▶ **Data**:

# # # # # # #

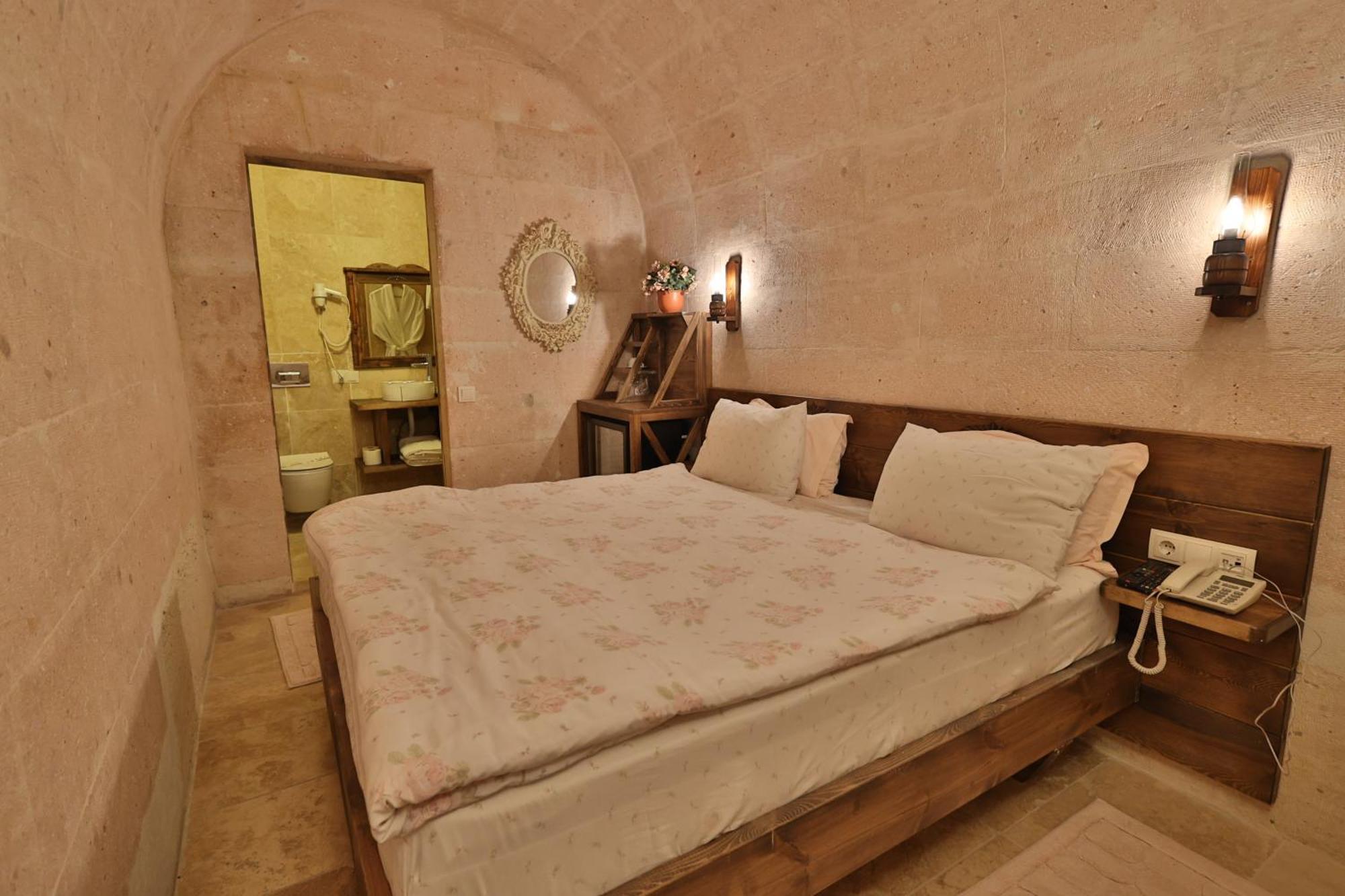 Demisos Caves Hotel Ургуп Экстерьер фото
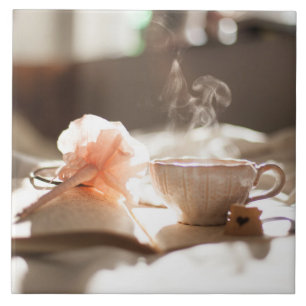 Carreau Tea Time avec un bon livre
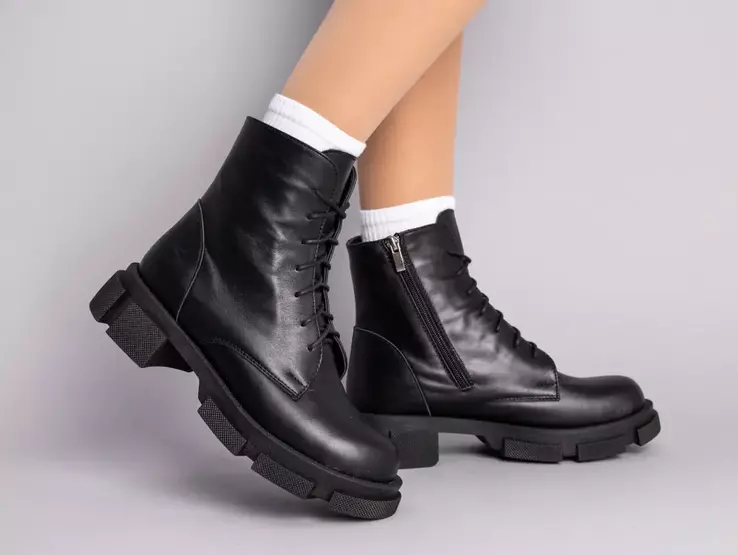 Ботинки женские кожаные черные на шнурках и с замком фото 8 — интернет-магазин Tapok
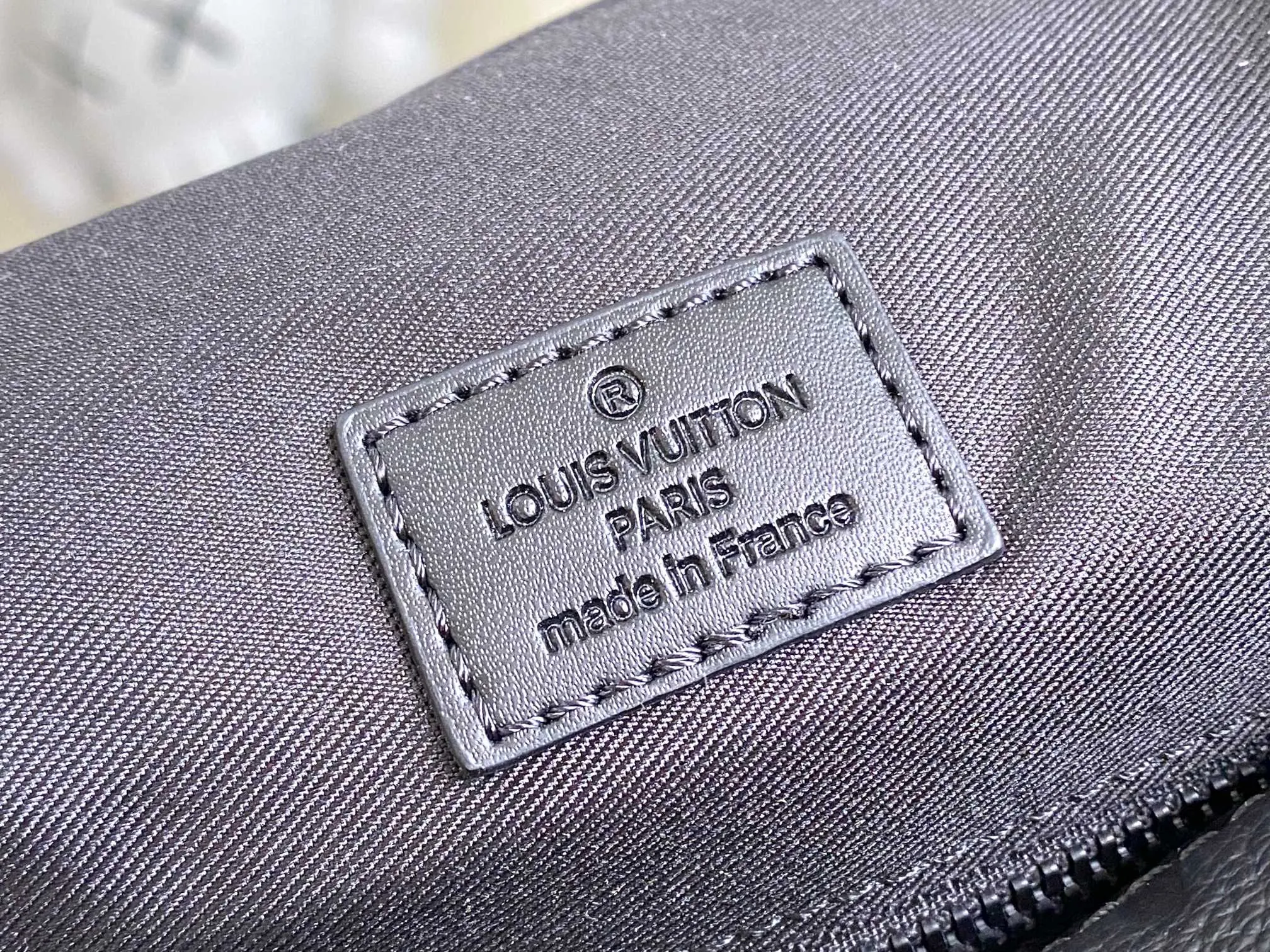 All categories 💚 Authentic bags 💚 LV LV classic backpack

# # # # # # #

▶ **What needs to be done**:
Leaving the pictures aside, copy exactly and only the lines from the one holding "Ботинки женские кожаные" through the final line of the data, both ends kept.

▶ **Result below**:
 Ботинки женские кожаные черные на шнурках и с замком фото 8 — интернет-магазин Tapok
 All categories 💚 Authentic bags 💚 LV LV classic backpack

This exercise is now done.